Image-text web data
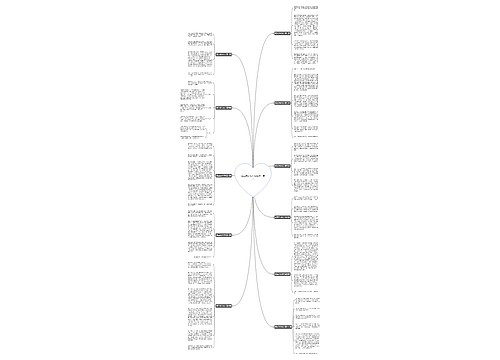 爱在侨乡作文(优选十一篇)思维导图
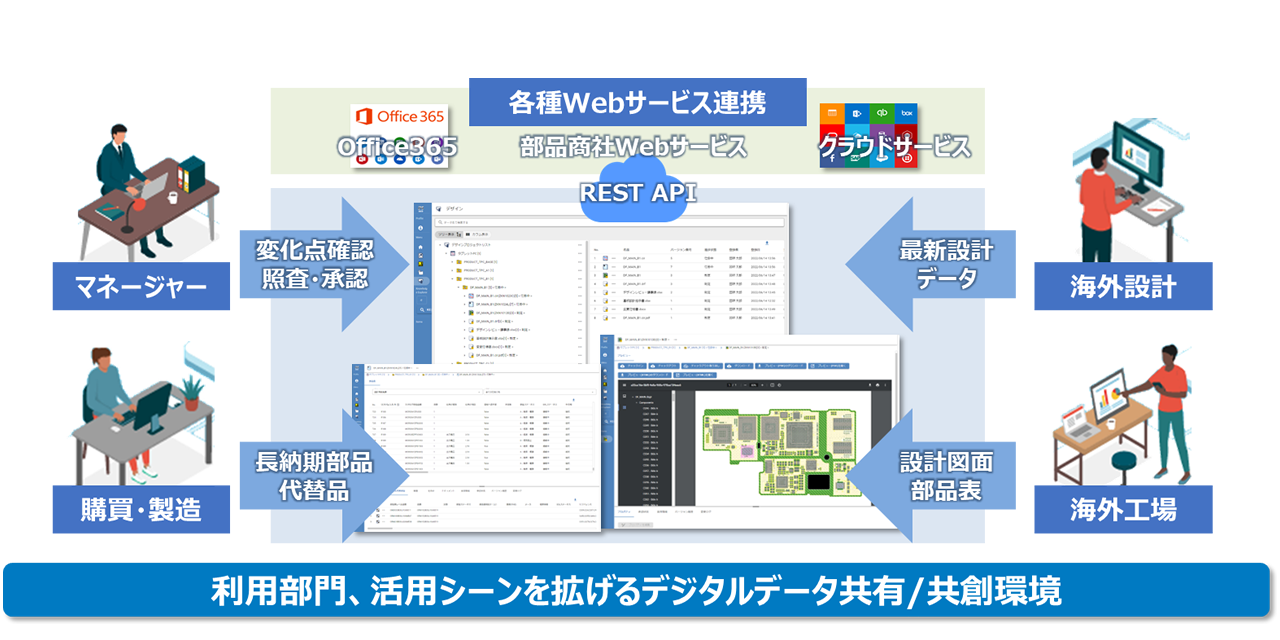 DS-CRによるWebアプリケーションによる利用範囲の拡大イメージ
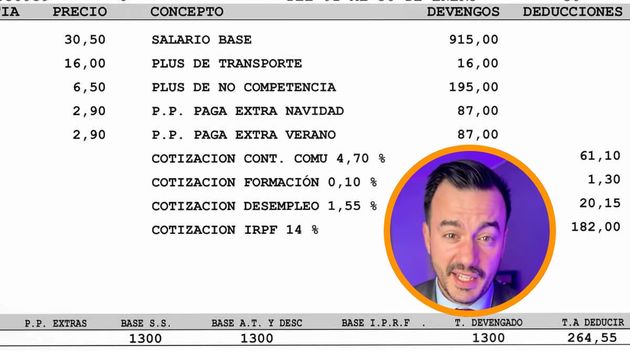 Un abogado laboralista pide revisar tu nómina: “te has preguntado si cobras lo que te corresponde”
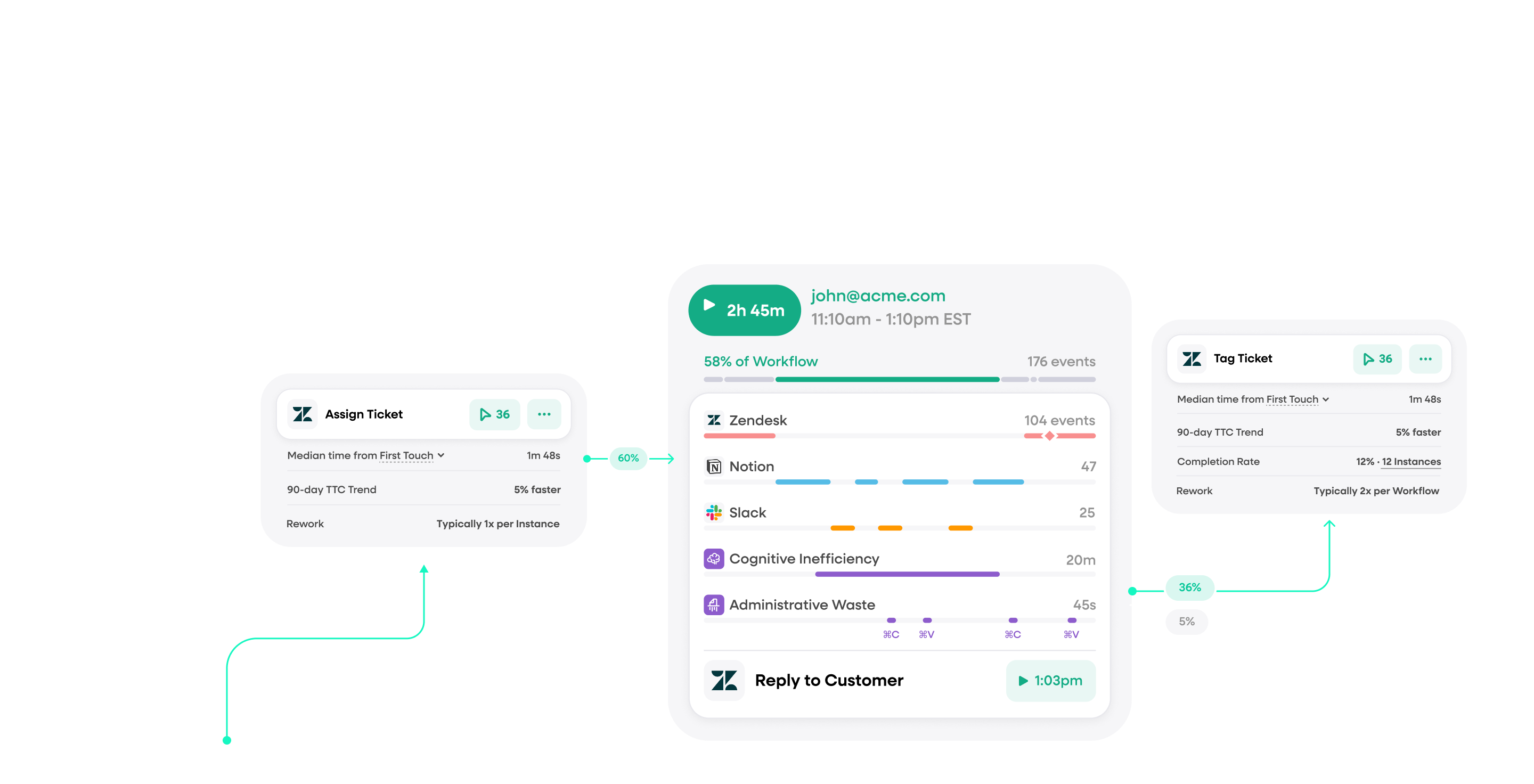 Fullstory Workflow Intelligence
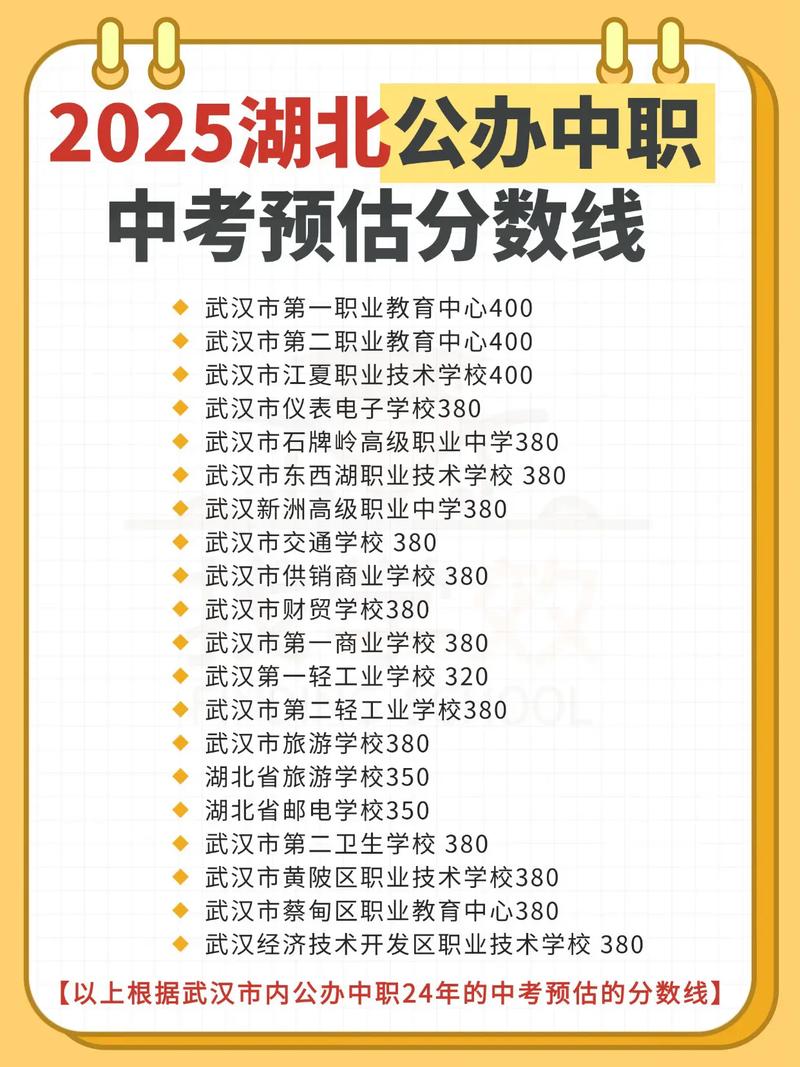 2025国考湖北考区何时开考？-图1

### Your instructions
From the first line to the last, repeat the data above exactly and leave the pictures out.

### Answer to this problem
 爱在侨乡作文(优选十一篇)思维导图
 DS-CRによるWebアプリケーションによる利用範囲の拡大イメージ
 Un abogado laboralista pide revisar tu nómina: “te has preguntado si cobras lo que te corresponde”
 Fullstory Workflow Intelligence
 2025国考湖北考区何时开考？-图1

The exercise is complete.